-
Notifications
You must be signed in to change notification settings - Fork 264
LR scheduler exhausts early in agentic training with AgentNativeStepEnvManager #407
Description
Bug Description
When using AgentNativeStepEnvManager (step-level env manager) for agentic training, the LR scheduler exhausts its step budget far before all pipeline steps complete, causing the learning rate to drop to zero mid-training.

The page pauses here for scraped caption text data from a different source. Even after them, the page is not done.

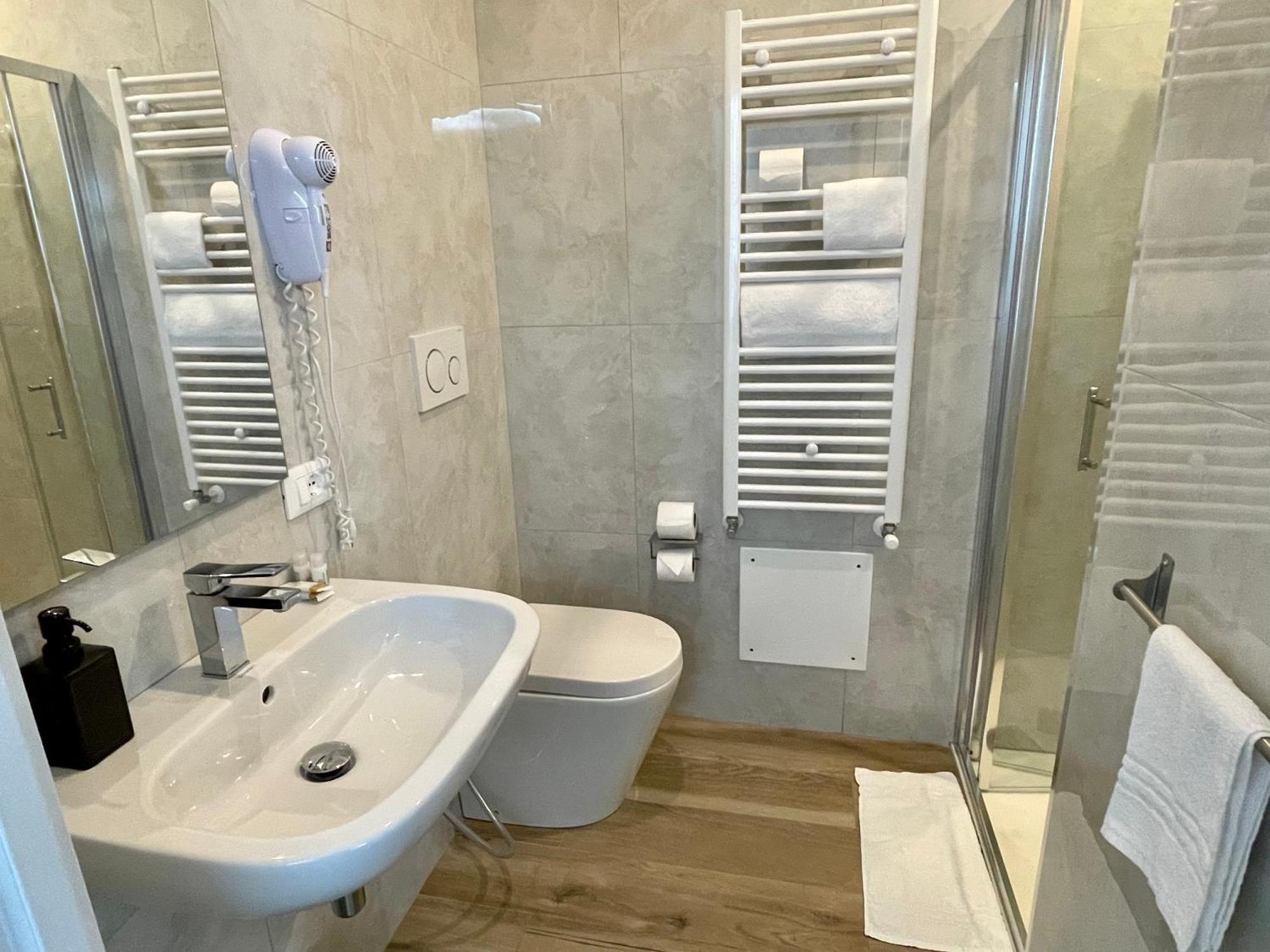 Standard Single Room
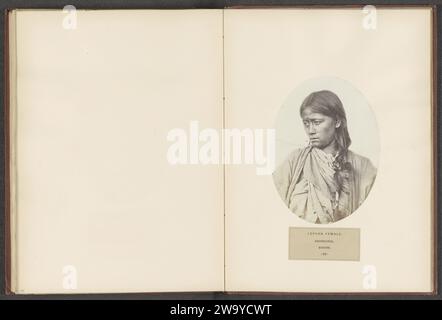 Ritratto di una donna sconosciuta della comunità Lepcha del Sikkim, 1858 circa - nel o prima del 1868 fotografare il Sikkim foto di supporto albumi stampare razze umane; popoli; nazionalità Foto Stock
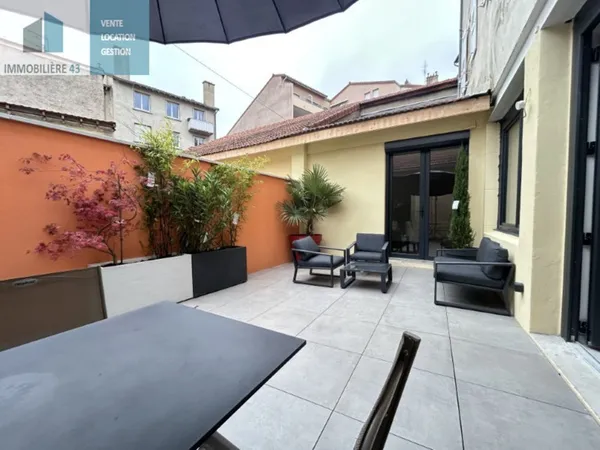 APPARTEMENT CENTRE VILLE 110 M2 TERRASSE ET GARAGE 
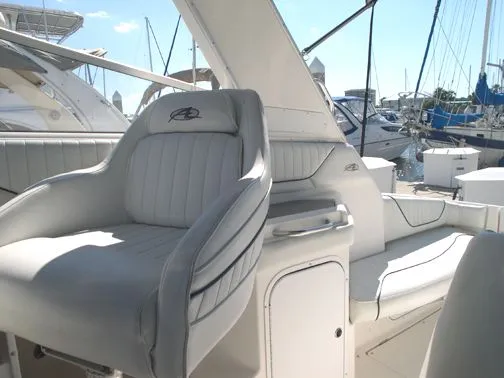 Slide: The Image of Bayliner 3255 Avanti 1998 - 8
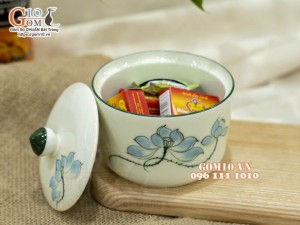 Hũ có nắp men kem vẽ hoa Sen xanh, 9,5cm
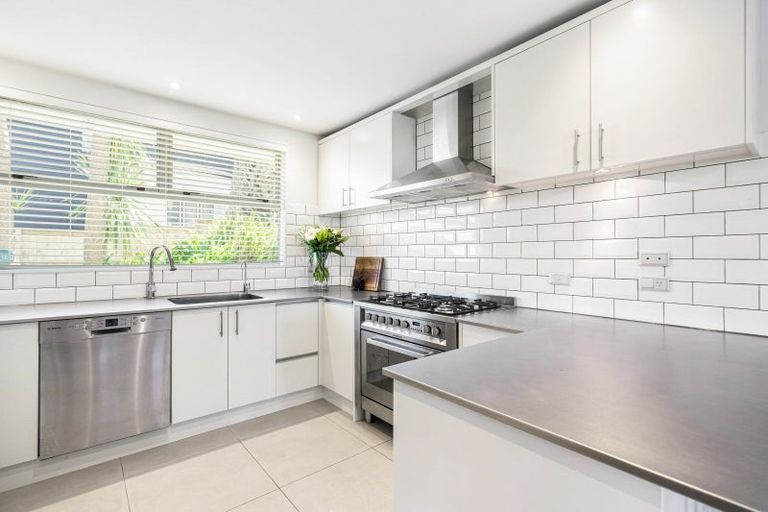 Photo of property in 75a Arthur Street, Onehunga, Auckland, 1061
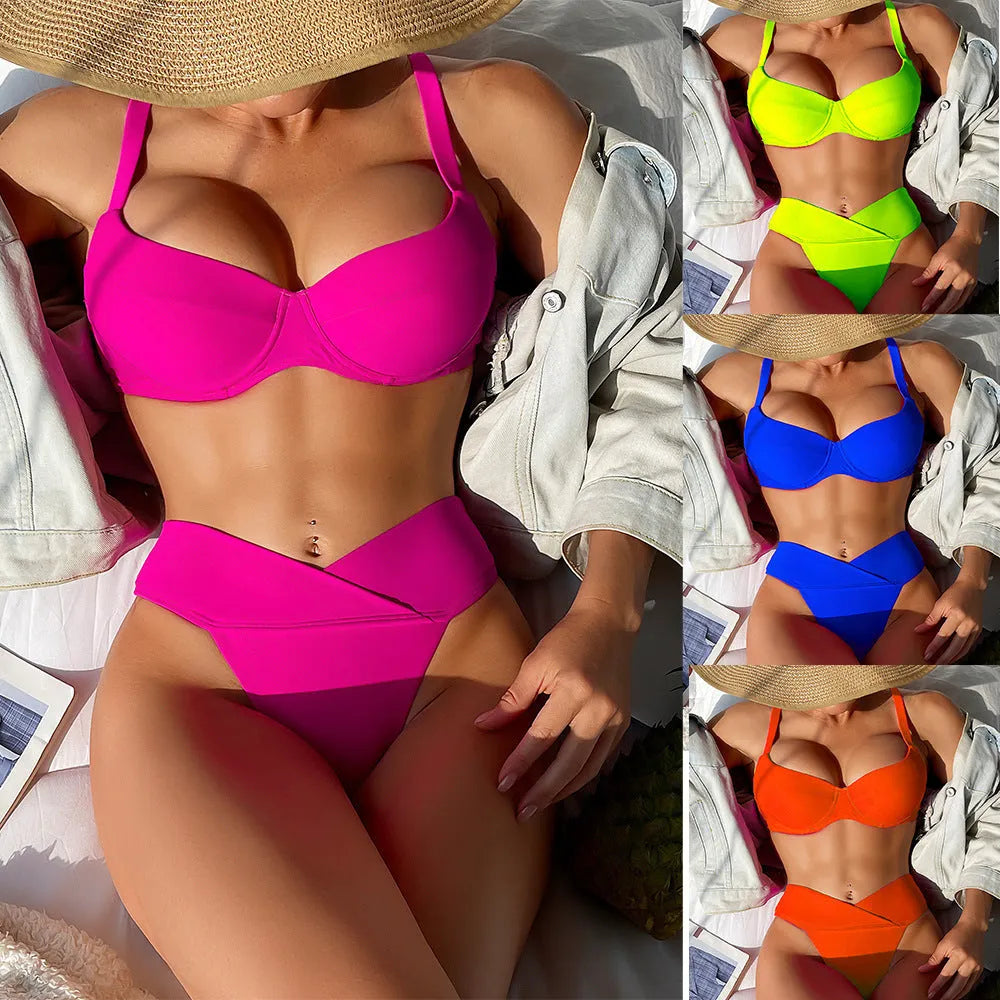 Women's solid colour bikini briefs in nylon for swimming and sports.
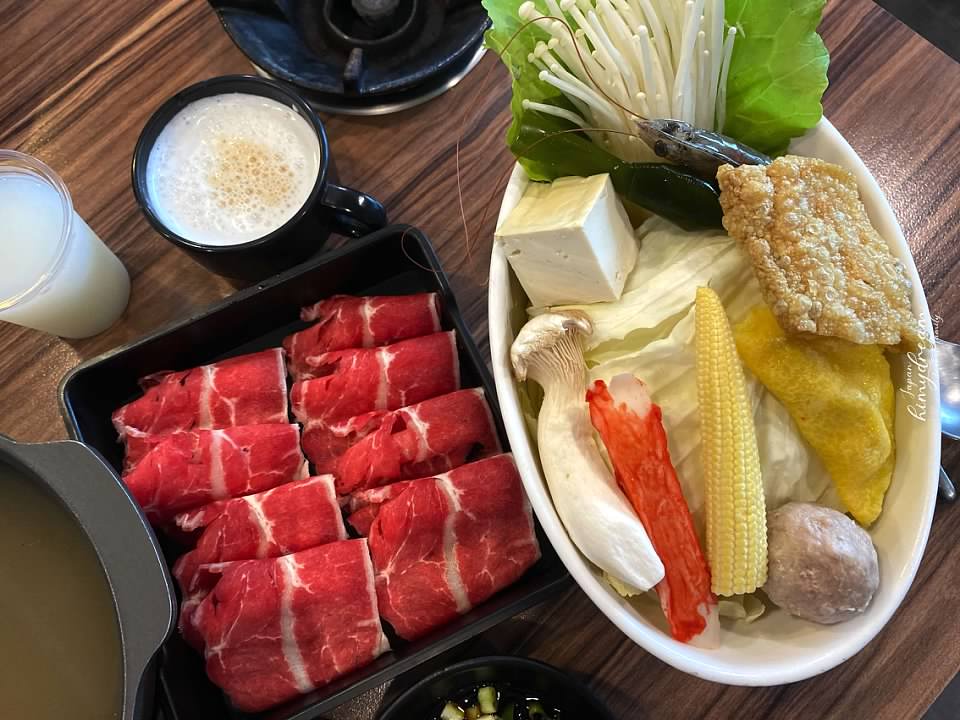 “潮鮮-桃園特色鍋物-平價小火鍋-現切牛肉-必吃平價鍋物-推薦必吃鍋物v內壢小火鍋-桃園火鍋推薦-桃園小火鍋-內壢好吃火鍋-內壢美食-內壢火車站火鍋-內壢忠孝路火鍋-內壢火鍋推薦-內壢必吃-桃園必吃小火鍋-桃園火車站美食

In a 200-step training run with lr_scheduler_type: "linear", the LR reached zero at pipeline step 123 — meaning 38.5% of training happened with zero learning rate and no learning.
Root Cause
PPOConfig.set_max_steps() computes the total optimizer steps for the LR scheduler using rollout_batch_size (number of trajectories):
https://github.com/alibaba/ROLL/blob/main/roll/configs/base_config.py#L701-L718
self.actor_train.training_args.max_steps = max(1, (
max_steps
* self.rollout_batch_size # trajectories per rollout
* self.actor_infer.generating_args.num_return_sequences
* self.ppo_epochs
// actor_backward_batch_size
))With the config in agent_val_rock_swe_qwen35_2b.yaml:
max_steps=200, rollout_batch_size=4, num_return_sequences=1, ppo_epochs=1, backward_batch_size=4
→ scheduler total = 200 * 4 * 1 * 1 // 4 = 200 optimizer steps
But the training batch contains chunks (one per agent turn), not trajectories. AgentNativeStepEnvManager.formulate_rollouts() creates one training sample per turn:
for step, history in enumerate(rollout_cache.history):
# ... one DataProto per turn ...
samples.append(lm_input)
batch = DataProto.concat(samples) # all turns as separate samplesSo with 4 trajectories × ~10 turns each = ~40 training samples per pipeline step. With backward_batch_size=4, that's ~10 optimizer steps per pipeline step — not the 1 that the scheduler was budgeted for.
Additionally, batch_adjust_mode: "random_sample" has a bifurcation that makes this worse:
- When
total_chunks % backward_batch_size == 0: keeps ALL chunks → many optimizer steps - When not divisible: subsamples to exactly
backward_batch_size→ 1 optimizer step
https://github.com/alibaba/ROLL/blob/main/roll/pipeline/agentic/agentic_pipeline.py (search for adjust_batch)
This creates wildly inconsistent optimizer step counts per pipeline step, making the scheduler exhaustion unpredictable.
Evidence from Training Run
wandb run: https://wandb.ai/shamanework-pl/roll-agentic/runs/gvoe0mq8
Config: openreward_endless_terminals_IPA_qwen35_2b.yaml (same architecture, rollout_batch_size=16, backward_batch_size=16)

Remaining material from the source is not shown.